Character for character, reproduce every entry below.

· · · · ·

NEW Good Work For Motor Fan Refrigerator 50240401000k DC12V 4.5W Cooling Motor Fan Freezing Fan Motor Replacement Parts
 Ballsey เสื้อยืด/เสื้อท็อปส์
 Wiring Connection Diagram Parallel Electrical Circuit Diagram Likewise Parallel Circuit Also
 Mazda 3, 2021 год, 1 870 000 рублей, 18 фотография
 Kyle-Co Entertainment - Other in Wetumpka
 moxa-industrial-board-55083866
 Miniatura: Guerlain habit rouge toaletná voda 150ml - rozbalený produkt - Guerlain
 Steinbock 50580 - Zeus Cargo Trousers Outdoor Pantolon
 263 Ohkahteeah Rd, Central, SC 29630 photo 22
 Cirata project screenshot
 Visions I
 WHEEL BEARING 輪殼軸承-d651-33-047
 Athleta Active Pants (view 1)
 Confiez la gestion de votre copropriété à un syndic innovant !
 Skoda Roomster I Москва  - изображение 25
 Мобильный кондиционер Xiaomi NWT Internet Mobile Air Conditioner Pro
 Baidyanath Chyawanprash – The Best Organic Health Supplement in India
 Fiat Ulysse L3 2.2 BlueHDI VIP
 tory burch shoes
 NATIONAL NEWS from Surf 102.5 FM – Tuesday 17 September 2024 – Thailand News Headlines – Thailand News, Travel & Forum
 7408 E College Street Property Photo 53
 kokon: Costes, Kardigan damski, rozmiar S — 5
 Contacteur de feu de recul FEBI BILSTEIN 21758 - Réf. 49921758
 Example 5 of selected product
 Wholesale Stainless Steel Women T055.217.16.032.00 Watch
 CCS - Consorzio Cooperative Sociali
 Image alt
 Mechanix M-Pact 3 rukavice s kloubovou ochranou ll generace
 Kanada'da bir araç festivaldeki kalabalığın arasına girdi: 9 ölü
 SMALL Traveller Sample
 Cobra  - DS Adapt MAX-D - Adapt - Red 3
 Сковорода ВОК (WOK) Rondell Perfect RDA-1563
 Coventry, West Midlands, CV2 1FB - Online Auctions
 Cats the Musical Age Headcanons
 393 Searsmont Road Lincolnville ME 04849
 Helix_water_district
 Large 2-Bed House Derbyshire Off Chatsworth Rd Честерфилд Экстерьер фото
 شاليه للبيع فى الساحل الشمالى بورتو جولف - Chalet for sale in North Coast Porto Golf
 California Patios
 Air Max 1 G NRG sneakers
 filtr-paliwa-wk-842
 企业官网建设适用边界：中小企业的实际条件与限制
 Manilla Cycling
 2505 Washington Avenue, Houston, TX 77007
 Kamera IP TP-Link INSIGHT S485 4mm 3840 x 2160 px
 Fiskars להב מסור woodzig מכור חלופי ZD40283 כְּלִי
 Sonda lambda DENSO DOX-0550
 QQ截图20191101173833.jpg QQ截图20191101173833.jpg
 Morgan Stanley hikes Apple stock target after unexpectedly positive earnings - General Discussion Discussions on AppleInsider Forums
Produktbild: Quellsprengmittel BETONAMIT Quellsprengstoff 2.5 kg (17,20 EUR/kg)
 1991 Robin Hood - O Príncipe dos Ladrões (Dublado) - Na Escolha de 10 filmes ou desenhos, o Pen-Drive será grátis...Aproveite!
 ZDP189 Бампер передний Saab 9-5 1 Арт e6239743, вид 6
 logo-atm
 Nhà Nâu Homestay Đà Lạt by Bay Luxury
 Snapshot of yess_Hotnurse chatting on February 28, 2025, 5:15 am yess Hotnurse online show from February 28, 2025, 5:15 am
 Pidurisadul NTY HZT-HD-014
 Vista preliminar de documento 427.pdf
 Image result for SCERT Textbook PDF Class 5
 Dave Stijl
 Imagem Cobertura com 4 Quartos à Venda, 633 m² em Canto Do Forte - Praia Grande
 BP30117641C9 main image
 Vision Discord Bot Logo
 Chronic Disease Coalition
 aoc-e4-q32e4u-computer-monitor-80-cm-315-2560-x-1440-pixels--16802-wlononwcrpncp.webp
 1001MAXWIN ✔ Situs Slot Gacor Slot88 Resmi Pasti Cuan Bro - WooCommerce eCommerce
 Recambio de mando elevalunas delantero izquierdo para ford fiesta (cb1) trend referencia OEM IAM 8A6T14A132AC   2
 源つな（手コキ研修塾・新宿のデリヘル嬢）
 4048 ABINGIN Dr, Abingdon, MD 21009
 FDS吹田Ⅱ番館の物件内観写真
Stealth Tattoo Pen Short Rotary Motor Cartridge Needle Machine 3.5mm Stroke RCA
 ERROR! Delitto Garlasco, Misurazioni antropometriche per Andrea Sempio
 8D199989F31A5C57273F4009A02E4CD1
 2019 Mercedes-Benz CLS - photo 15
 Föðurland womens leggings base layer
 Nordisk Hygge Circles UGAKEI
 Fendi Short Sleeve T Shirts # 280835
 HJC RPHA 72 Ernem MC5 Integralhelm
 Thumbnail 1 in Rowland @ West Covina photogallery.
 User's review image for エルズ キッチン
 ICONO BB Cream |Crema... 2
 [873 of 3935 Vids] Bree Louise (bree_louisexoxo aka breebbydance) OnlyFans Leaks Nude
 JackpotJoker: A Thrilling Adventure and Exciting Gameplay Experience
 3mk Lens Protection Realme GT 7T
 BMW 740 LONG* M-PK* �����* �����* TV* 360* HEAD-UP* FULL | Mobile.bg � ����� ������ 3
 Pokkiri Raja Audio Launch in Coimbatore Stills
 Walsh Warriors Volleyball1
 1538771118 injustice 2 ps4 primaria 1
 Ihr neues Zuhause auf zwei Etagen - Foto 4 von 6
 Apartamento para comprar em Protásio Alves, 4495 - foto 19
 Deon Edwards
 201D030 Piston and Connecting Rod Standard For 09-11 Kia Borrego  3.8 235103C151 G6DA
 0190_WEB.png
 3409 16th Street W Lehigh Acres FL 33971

· · · · ·

## Reply to the exercise
NEW Good Work For Motor Fan Refrigerator 50240401000k DC12V 4.5W Cooling Motor Fan Freezing Fan Motor Replacement Parts
 Ballsey เสื้อยืด/เสื้อท็อปส์
 Wiring Connection Diagram Parallel Electrical Circuit Diagram Likewise Parallel Circuit Also
 Mazda 3, 2021 год, 1 870 000 рублей, 18 фотография
 Kyle-Co Entertainment - Other in Wetumpka
 moxa-industrial-board-55083866
 Miniatura: Guerlain habit rouge toaletná voda 150ml - rozbalený produkt - Guerlain
 Steinbock 50580 - Zeus Cargo Trousers Outdoor Pantolon
 263 Ohkahteeah Rd, Central, SC 29630 photo 22
 Cirata project screenshot
 Visions I
 WHEEL BEARING 輪殼軸承-d651-33-047
 Athleta Active Pants (view 1)
 Confiez la gestion de votre copropriété à un syndic innovant !
 Skoda Roomster I Москва  - изображение 25
 Мобильный кондиционер Xiaomi NWT Internet Mobile Air Conditioner Pro
 Baidyanath Chyawanprash – The Best Organic Health Supplement in India
 Fiat Ulysse L3 2.2 BlueHDI VIP
 tory burch shoes
 NATIONAL NEWS from Surf 102.5 FM – Tuesday 17 September 2024 – Thailand News Headlines – Thailand News, Travel & Forum
 7408 E College Street Property Photo 53
 kokon: Costes, Kardigan damski, rozmiar S — 5
 Contacteur de feu de recul FEBI BILSTEIN 21758 - Réf. 49921758
 Example 5 of selected product
 Wholesale Stainless Steel Women T055.217.16.032.00 Watch
 CCS - Consorzio Cooperative Sociali
 Image alt
 Mechanix M-Pact 3 rukavice s kloubovou ochranou ll generace
 Kanada'da bir araç festivaldeki kalabalığın arasına girdi: 9 ölü
 SMALL Traveller Sample
 Cobra  - DS Adapt MAX-D - Adapt - Red 3
 Сковорода ВОК (WOK) Rondell Perfect RDA-1563
 Coventry, West Midlands, CV2 1FB - Online Auctions
 Cats the Musical Age Headcanons
 393 Searsmont Road Lincolnville ME 04849
 Helix_water_district
 Large 2-Bed House Derbyshire Off Chatsworth Rd Честерфилд Экстерьер фото
 شاليه للبيع فى الساحل الشمالى بورتو جولف - Chalet for sale in North Coast Porto Golf
 California Patios
 Air Max 1 G NRG sneakers
 filtr-paliwa-wk-842
 企业官网建设适用边界：中小企业的实际条件与限制
 Manilla Cycling
 2505 Washington Avenue, Houston, TX 77007
 Kamera IP TP-Link INSIGHT S485 4mm 3840 x 2160 px
 Fiskars להב מסור woodzig מכור חלופי ZD40283 כְּלִי
 Sonda lambda DENSO DOX-0550
 QQ截图20191101173833.jpg QQ截图20191101173833.jpg
 Morgan Stanley hikes Apple stock target after unexpectedly positive earnings - General Discussion Discussions on AppleInsider Forums
Produktbild: Quellsprengmittel BETONAMIT Quellsprengstoff 2.5 kg (17,20 EUR/kg)
 1991 Robin Hood - O Príncipe dos Ladrões (Dublado) - Na Escolha de 10 filmes ou desenhos, o Pen-Drive será grátis...Aproveite!
 ZDP189 Бампер передний Saab 9-5 1 Арт e6239743, вид 6
 logo-atm
 Nhà Nâu Homestay Đà Lạt by Bay Luxury
 Snapshot of yess_Hotnurse chatting on February 28, 2025, 5:15 am yess Hotnurse online show from February 28, 2025, 5:15 am
 Pidurisadul NTY HZT-HD-014
 Vista preliminar de documento 427.pdf
 Image result for SCERT Textbook PDF Class 5
 Dave Stijl
 Imagem Cobertura com 4 Quartos à Venda, 633 m² em Canto Do Forte - Praia Grande
 BP30117641C9 main image
 Vision Discord Bot Logo
 Chronic Disease Coalition
 aoc-e4-q32e4u-computer-monitor-80-cm-315-2560-x-1440-pixels--16802-wlononwcrpncp.webp
 1001MAXWIN ✔ Situs Slot Gacor Slot88 Resmi Pasti Cuan Bro - WooCommerce eCommerce
 Recambio de mando elevalunas delantero izquierdo para ford fiesta (cb1) trend referencia OEM IAM 8A6T14A132AC   2
 源つな（手コキ研修塾・新宿のデリヘル嬢）
 4048 ABINGIN Dr, Abingdon, MD 21009
 FDS吹田Ⅱ番館の物件内観写真
Stealth Tattoo Pen Short Rotary Motor Cartridge Needle Machine 3.5mm Stroke RCA
 ERROR! Delitto Garlasco, Misurazioni antropometriche per Andrea Sempio
 8D199989F31A5C57273F4009A02E4CD1
 2019 Mercedes-Benz CLS - photo 15
 Föðurland womens leggings base layer
 Nordisk Hygge Circles UGAKEI
 Fendi Short Sleeve T Shirts # 280835
 HJC RPHA 72 Ernem MC5 Integralhelm
 Thumbnail 1 in Rowland @ West Covina photogallery.
 User's review image for エルズ キッチン
 ICONO BB Cream |Crema... 2
 [873 of 3935 Vids] Bree Louise (bree_louisexoxo aka breebbydance) OnlyFans Leaks Nude
 JackpotJoker: A Thrilling Adventure and Exciting Gameplay Experience
 3mk Lens Protection Realme GT 7T
 BMW 740 LONG* M-PK* �����* �����* TV* 360* HEAD-UP* FULL | Mobile.bg � ����� ������ 3
 Pokkiri Raja Audio Launch in Coimbatore Stills
 Walsh Warriors Volleyball1
 1538771118 injustice 2 ps4 primaria 1
 Ihr neues Zuhause auf zwei Etagen - Foto 4 von 6
 Apartamento para comprar em Protásio Alves, 4495 - foto 19
 Deon Edwards
 201D030 Piston and Connecting Rod Standard For 09-11 Kia Borrego  3.8 235103C151 G6DA
 0190_WEB.png
 3409 16th Street W Lehigh Acres FL 33971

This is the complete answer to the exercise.